Pre-emergent spring and fall to alleviate weeds.....fertilize early spring and late summer.....run a gas string trimmer and edger around sidewalk, driveway, fence, storage shed, flower beds, trees etc.....I have a in ground programmable lawn sprinkler system for use during the hot, dry summer months.

My lawn is really not all that large but to keep it looking the way I want it to it still takes me right at 3 1/2 hours to edge, trim, mow & bag and use the blower afterwards.


----------



## Camper6 (Apr 22, 2017)

A tip for you landscapers.  Dandelions are a perennial not an annual.  So the time to go after them is in the fall because no new ones will sprout and show up in the spring.

If you can't use pesticides, what I found out that was handy was a propane torch with a fine flame.  Just burn the leaves and leave them there.  They will die. Pulling dandelions is a waste of time if you leave the root behind.


----------



## Temperance (Apr 22, 2017)

Casually natural, very natural and kind of wild.


----------



## tnthomas (Apr 22, 2017)

SeaBreeze said:


> Your Yard and Lawn - Meticulously Manicured or Casually Natural?
> .



Here in the High Desert the typical annual rainfall is less than 5 inches...so people don't try to grow a grass lawn.    Here's my landscape 'solution:


----------



## RadishRose (Apr 22, 2017)

Kburra, what a lovely video album, I really enjoyed it as former gardener.


----------



## WhatInThe (Apr 23, 2017)

Cut and trim what's there with occasional planting. I do weed but not as much in the past. The secret to controlling, not eliminating weeds naturally is controlling the bare spots so seeds can't work their way in or settle there. Also I've found weeding best after a day of rain on a soaked lawn/soil. Just because it rains doesn't mean the soil will be soft. This only happens a couple times of year. 

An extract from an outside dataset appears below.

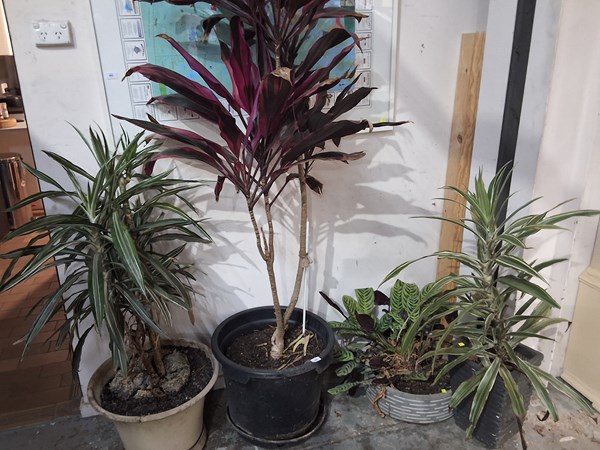 Lot 466 - PLANTS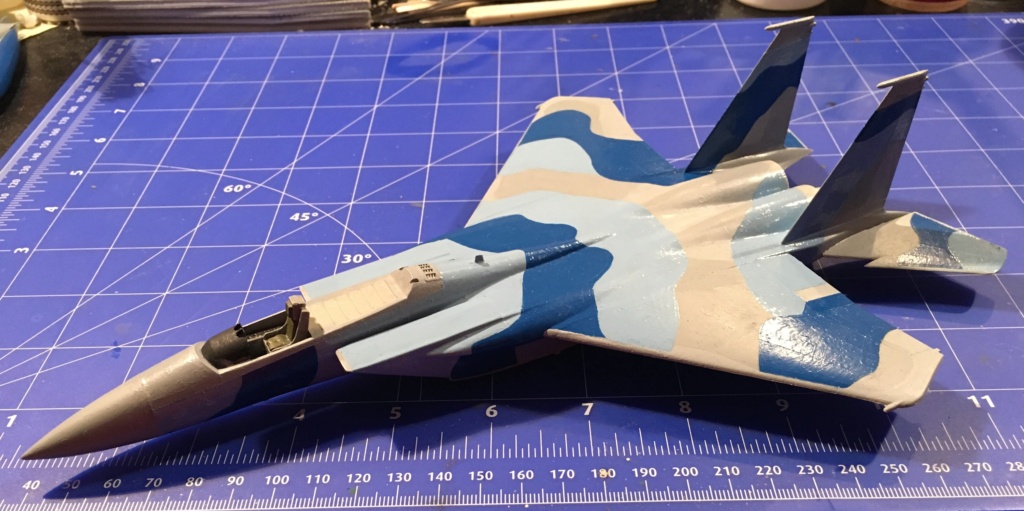  F-15J (1/72 - Hobby Craft) + F-15 (1/72 - Hasegawa) - Page 2 Img_3483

Dandylions and other weeds are tough because you have to get most if not all of the roots out. And plant something in that weed pull hole right away. Highly nutrientized soil and grass seed right way watering with a water can 3 days in a row gets the ball rolling in many areas of the country.


----------



## debodun (Apr 23, 2017)

Very casual!


----------



## kburra (Apr 23, 2017)

RadishRose said:


> Kburra, what a lovely video album, I really enjoyed it as former gardener.


Thanks Rose,nice....former gardener?


----------



## Ken N Tx (Apr 24, 2017)

Mowing machines....4.3 acres..
.

.


----------



## NancyNGA (Apr 24, 2017)

I keep up with it, barely.  That's all.  No time left for manicuring.


----------